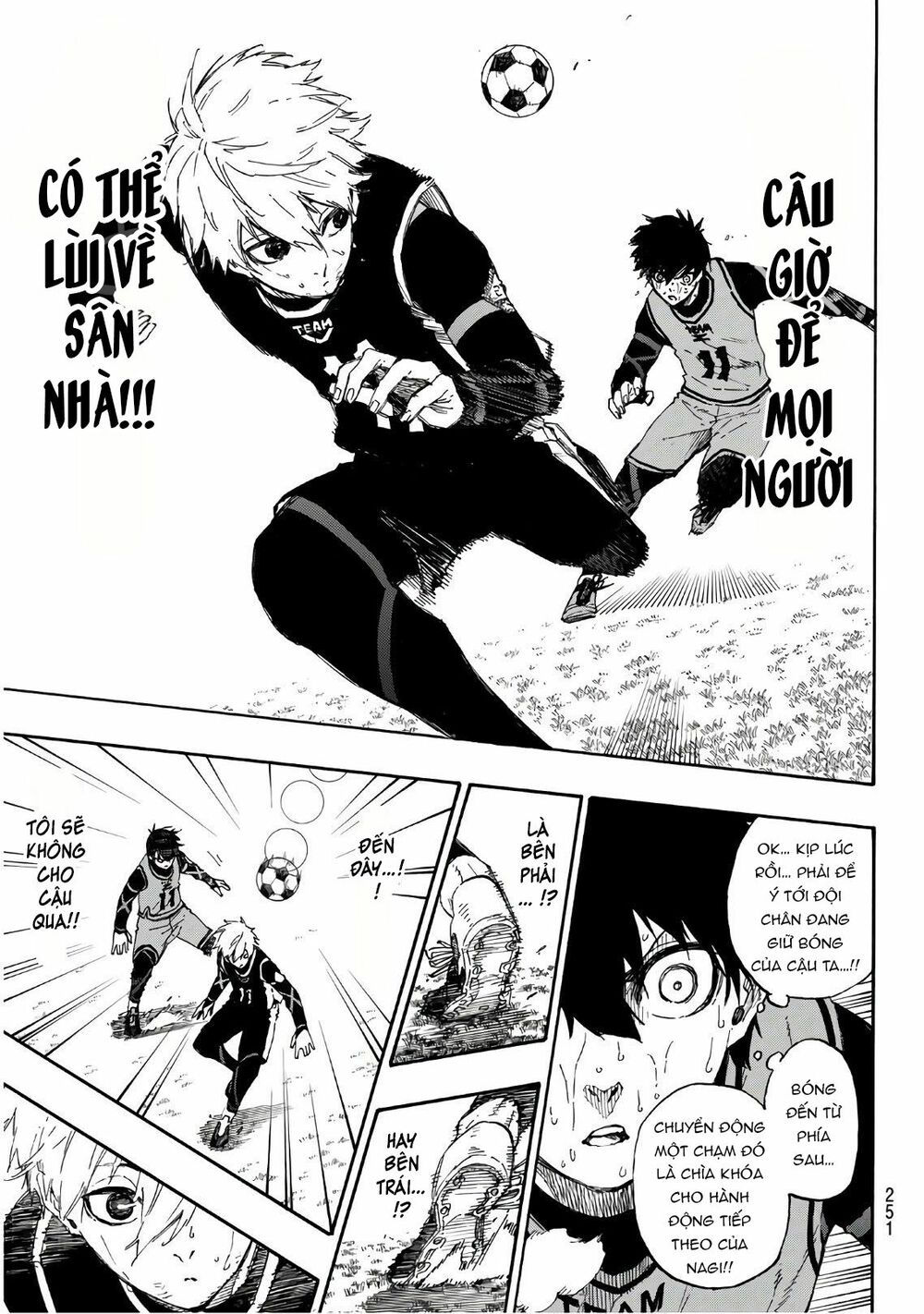 tiền đạo số 1 chapter 34 13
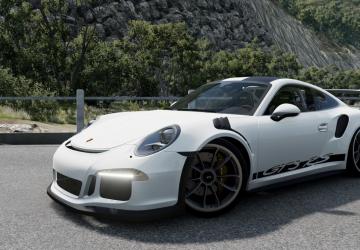 Porsche 911 GT3 RS (991) version 1.0 for BeamNG.drive (v0.30.x)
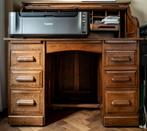 Bureau rouleau XXe s., Enlèvement, Utilisé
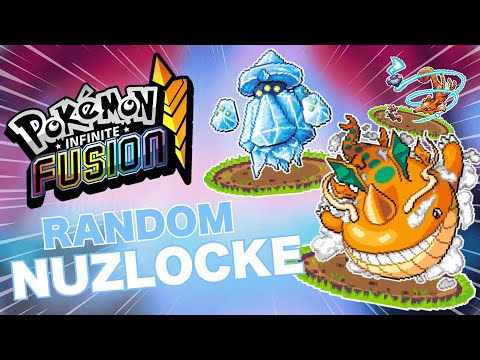 POKEMON INFINITE FUSION en RANDOM NUZLOCKE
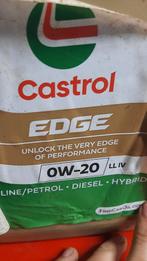 Castrol Edge 0W-20 Motorolie - 1.5L over, Ophalen of Verzenden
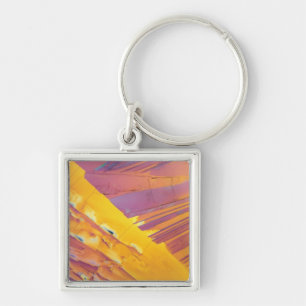 Chaveiro Cristais do ácido Oxalic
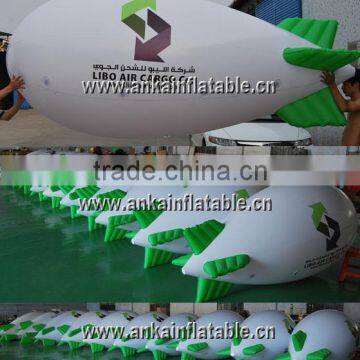 Top quality Inflatable balloon folating helium blimp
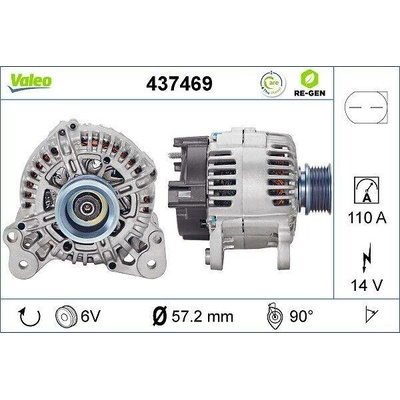 generátor VALEO 437469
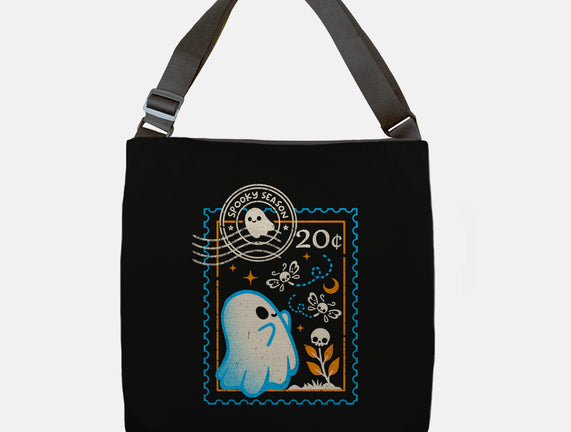 Spooky Season Postage Stamp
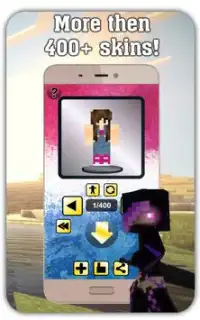 About: Skin Julia Minegirl For Minecraft PE (Google Play version)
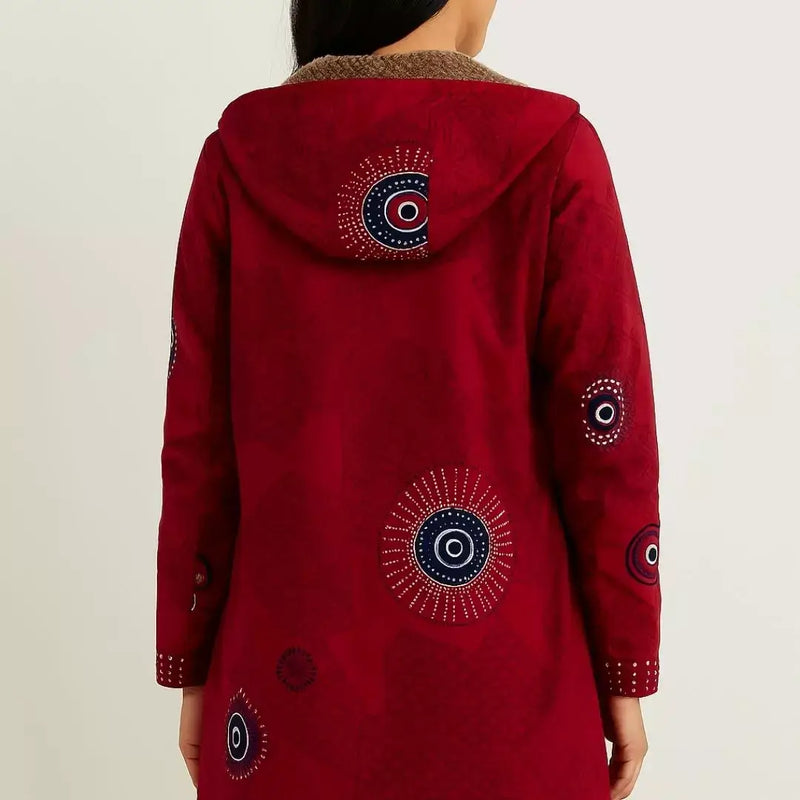 Casaco Feminino Boho Grego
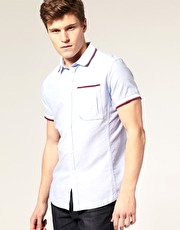 Fly 53 Short Sleeve Oxford Shirt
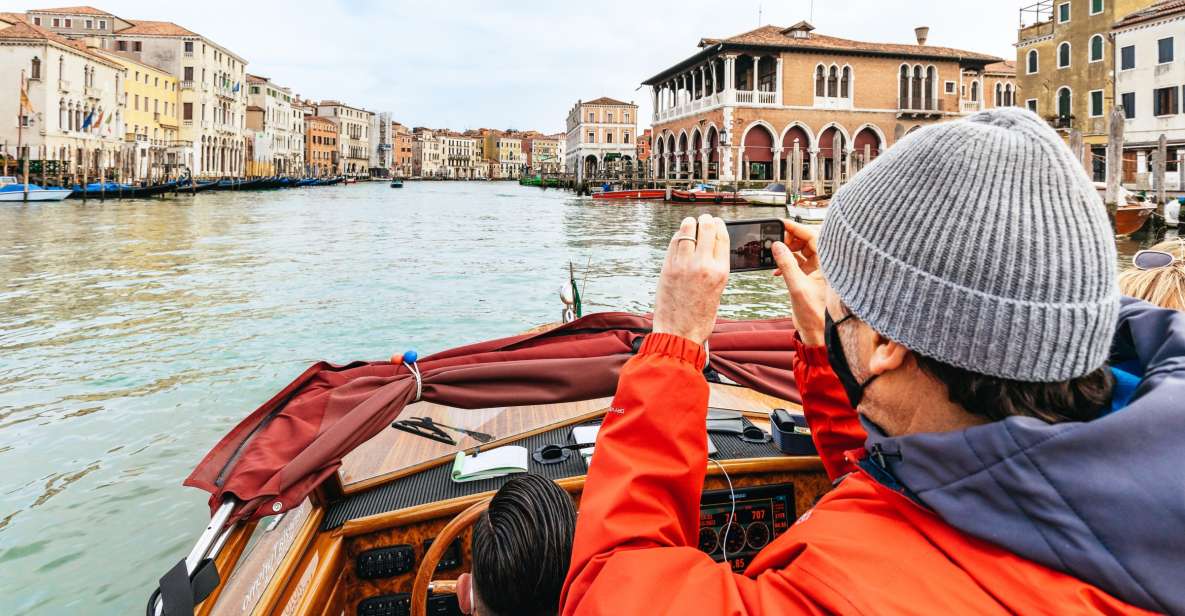 Venecia: tour en barco por el Gran Canal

################

» **ASSIGNMENT**:
Write out, word for word, only the lines from the one containing "Top quality Inflatable" to the end of the data above; the pictures stay out.

» **RESULT OF THE EXERCISE**:
 Top quality Inflatable balloon folating helium blimp
 generátor VALEO 437469
 Spooky Season Postage Stamp
 About: Skin Julia Minegirl For Minecraft PE (Google Play version)
 Casaco Feminino Boho Grego
 Fly 53 Short Sleeve Oxford Shirt
 Venecia: tour en barco por el Gran Canal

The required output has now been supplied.